RootSignals-Judge-Llama-70B
Property | Value |
---|---|
Base Model | Llama-3.3-70B-Instruct |
Model Type | Text-Only Decoder Transformer |
Training Hardware | LUMI-G / AMD Radeon Instinct™ MI250X (384 GPUs) |
Model URL | https://huggingface.co/root-signals/RootSignals-Judge-Llama-70B |
What is RootSignals-Judge-Llama-70B?
RootSignals-Judge-Llama-70B is a specialized large language model designed specifically for evaluation tasks and hallucination detection. Post-trained from Llama-3.3-70B-Instruct, this model has been optimized using high-quality, human-annotated datasets focusing on pairwise preference judgments and instruction following capabilities. The model achieves state-of-the-art performance in hallucination detection, surpassing even GPT-4 on certain benchmarks while operating at a fraction of the cost.
Implementation Details
The model was trained using DPO with IPO loss for 3 epochs using bfloat16 mixed-precision training on 384 GPUs. It supports context lengths of up to 32k tokens and can be deployed locally using various frameworks like SGLang or vLLM. The model weights are available in FP8 format to enable cost-effective research and commercial applications.
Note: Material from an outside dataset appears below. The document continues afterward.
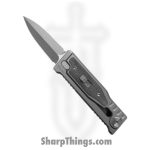 Reate Knives - ExoMinSwDgBk - Mini Exo - Gravity Knife - CPM-3V Stonewashed Dagger - Micarta - Black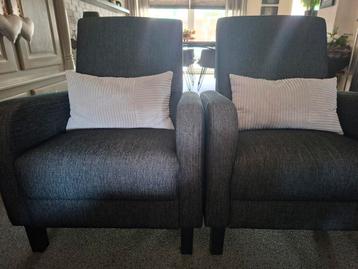 2 Antracietgrijze Fauteuils - Set beschikbaar voor biedingen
- Achieves 86.3% Pass@1 Rate on HaluBench Test Set
- Outperforms major closed-source models in hallucination detection
- Supports complex, user-defined scoring rubrics
- Provides detailed, structured justifications for evaluations
Core Capabilities
- Context-grounded hallucination detection for RAG applications
- Pairwise preference judgments with strong evaluation capabilities
- Custom evaluation metric implementation through specific rubrics
- Best-of-N decisions for inference-time search tasks
- Local deployment support for privacy-focused applications
Frequently Asked Questions
Q: What makes this model unique?
The model stands out for its exceptional performance in hallucination detection and evaluation tasks, achieving better results than GPT-4 and other leading models while being more cost-effective. It provides detailed reasoning for its decisions and supports custom evaluation rubrics.
Q: What are the recommended use cases?
The model is ideal for RAG system evaluation, detecting hallucinations in generated content, performing pairwise comparisons between different model outputs, and implementing custom evaluation metrics. It's particularly valuable in settings requiring local deployment or handling long-context inputs up to 32k tokens.